Erlang Supervisor. How?

alexandr · November 28, 2023, 6:23am

Hello all!

Haven’t been using erlang 2 years ang got forgotten how to use OTP Supervisor properly in different situations. Could someone to refresh it in my memory. The Supervisor handling few gen_servers. There are whole functionality divided on few gen_servers. There are few questions about it:

How to kill this supervisor with all child processes and do something on killing Suervisor event? First of all kill children and after make self kill? For now using exit(Pid,Reason) but it’s killing with exception.
How to catch up event of supervisor restarting any child?
How to create pause functionality? For example there could be situation when don’t need to kill children just need to keep them alive but doing nothing. Or just one of them keeping alive but doing nothing
If there are few gen_servers of divided functionality how to call correctly each of functionality like methods of Supervisor. For example gen_server has call “example_call”. How to make this “example call” of gen_server available like function in Supervisor module?
Is there option to start “worker” from this Supervisor on different node? For example on Supervisor handling few gen_servers on different nodes.
If there are multiple Supervisors started from the same module but with different parameters, what is the best way to store Pids? Proplists in memory? ETS? Or some thing else?

jimdigriz · November 28, 2023, 10:17am

Okay, quite a bit to unpack here, but everything is preference and dependent on your problem space, so my suggestions may be useful or completely useless to your situation.

Brace yourself to get ~100 different opinions.

You have several options:

exit(Pid, Reason) as you are now
place your supervisor under a one_for_one supervisor and terminate_child
since OTP 24 there is a concept of ‘significant’ processes, which if any/all of them shutdown then the supervisor then shuts down too; using this you could send a message to a significant process for it to exit which would bring everything else under than tree down with it too

Ignore the supervisor, its purpose is for you to describe the dependencies your processes and the ordering that they are spun up; so rest_for_one is particularly useful.

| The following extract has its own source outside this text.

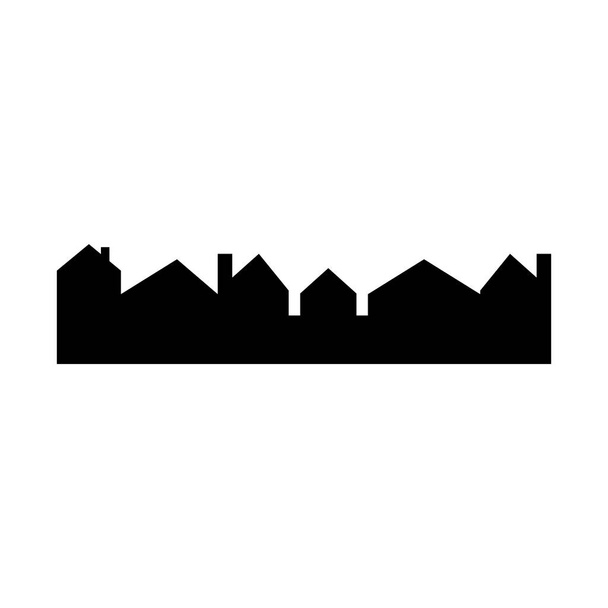 stad, vector icon, achtergrond, zwarte silhouet van huizen in stad - Vector, afbeelding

What you actually care about are the processes under the supervisor so have the last child started by the supervisor call back into your waiting process (or an event bus).

If there is not a good place for you to do this, add a one-shot child processes that returns ignore to the supervisor after sending the “started” message to whatever is interested; be aware that for strategies other than one_for_one you may get a message even though the supervisor did not restart.

Sounds like you want a pool? Plenty of applications/libraries that can handle this for you. There are a lot of race gotchas that make rolling your own a horrible experience of baptism by fire.

If you need to roll your own, I would suggest simple_one_for_one and spawn on demand as I suspect you do not want to carry state from one workload to the next? Processes are really cheap.

If you have an expensive initialisation step then look to use persistent_term (wrap your init’s in the gen with global:{lock,trans,...}, [node()]) on the local node only) or if you need a shared cache, then look to ets.

Don’t, look at server_ref() for hints on how to steer your message to the correct gen; the return to start_link is a Pid or if you locally/globally register it you can use the atom name of the registration.

Worth noting, is do not overlook {via, RegMod, ViaName} if you need some more interesting steering strategies. You effectively build your own process registry which can help hugely.

If you are determined to dispatch via the supervisor, then I recommend adding a helper function that takes your reference and ties it back to something in which_children…but this is where nothing but pain lives.

Sounds like you are attempting to roll your own mapreduce-esque service? I recommend you run the supervisor only with local pids but register them either locally and dispatch messages to them using {Name, Node} for your server_ref() or look to using global_groups to automatic the service discovery.

If though you really want to do this, for the start MFA you should wrap it with erpc to spawn and call start_link({local, ...}, ...) on a remote node and then make server_ref() for anything calling it {Name, Node}.

On a related note, one interesting thing you can do here is (ab)use supervisors to create global singletons too.

Depends on how you need to access them. ets is good as a generic “works for 99% of situations” so sure…use that.

What I like to do is create a rest_for_one supervisor, have my gen as first child and then have that gen spawn the child supervisors along side it. You options are (ugly) read which_children or (strongly recommended) have your process store the list in its own state. proplists are not really a good fit, you will find the lists:key{find,...} functions much more appropriate.

alexandr · November 28, 2023, 11:15am

Your reply is super useful. Some of your descriptions - proving my own strategy, some of them is very new for me. HUGE Thx!